● WORK ORDER:
Give the total of lines holding the word "make" in the records below, and nothing else.

● GIVEN DATA:
Segment Open
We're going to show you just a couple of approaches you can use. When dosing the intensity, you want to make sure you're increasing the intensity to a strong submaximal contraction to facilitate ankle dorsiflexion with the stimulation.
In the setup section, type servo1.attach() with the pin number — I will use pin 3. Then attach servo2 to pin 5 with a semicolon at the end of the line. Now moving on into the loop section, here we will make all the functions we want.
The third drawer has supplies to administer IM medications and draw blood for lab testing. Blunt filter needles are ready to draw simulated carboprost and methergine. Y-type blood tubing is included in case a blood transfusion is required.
Segment Closed
Segment Open
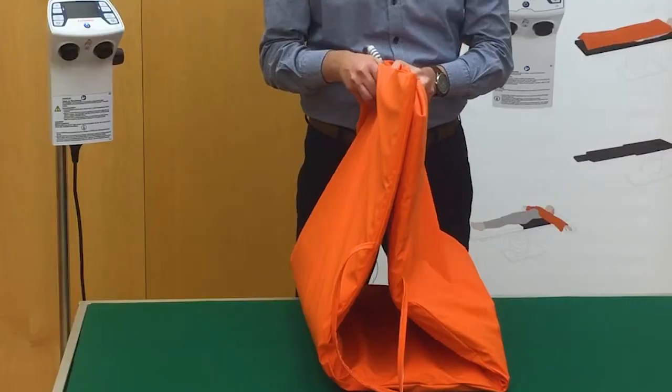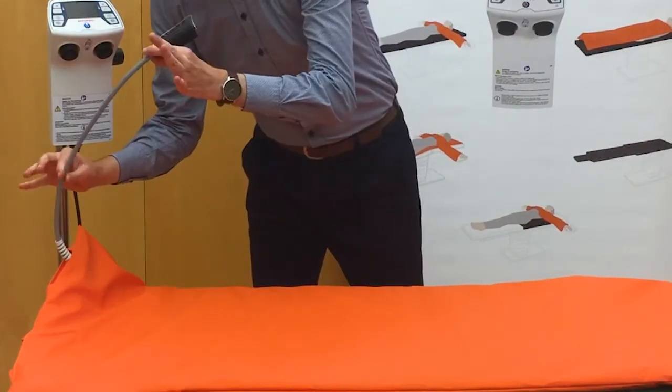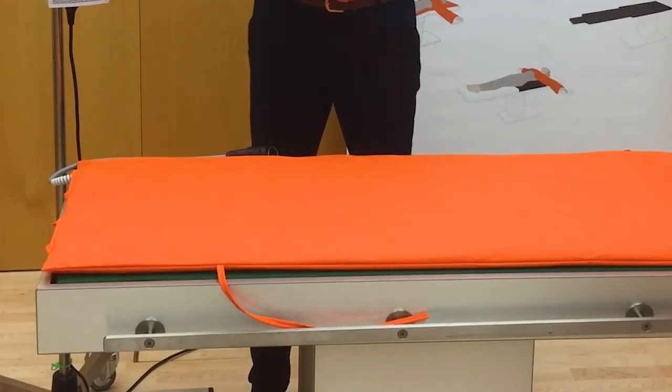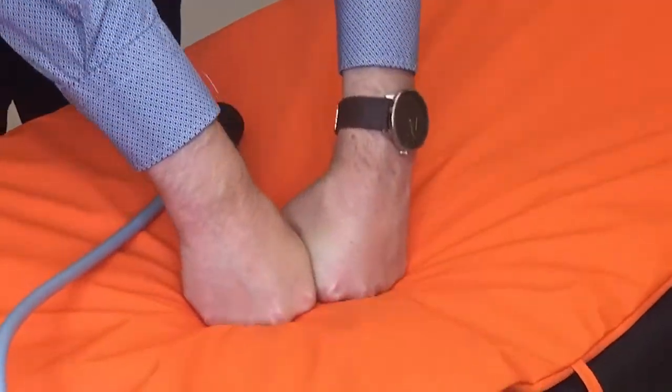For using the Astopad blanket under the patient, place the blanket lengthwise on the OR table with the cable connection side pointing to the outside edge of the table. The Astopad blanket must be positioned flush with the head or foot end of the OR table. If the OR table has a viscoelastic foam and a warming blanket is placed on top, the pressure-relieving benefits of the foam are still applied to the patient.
Segment Closed
● ANSWER SPACE:
2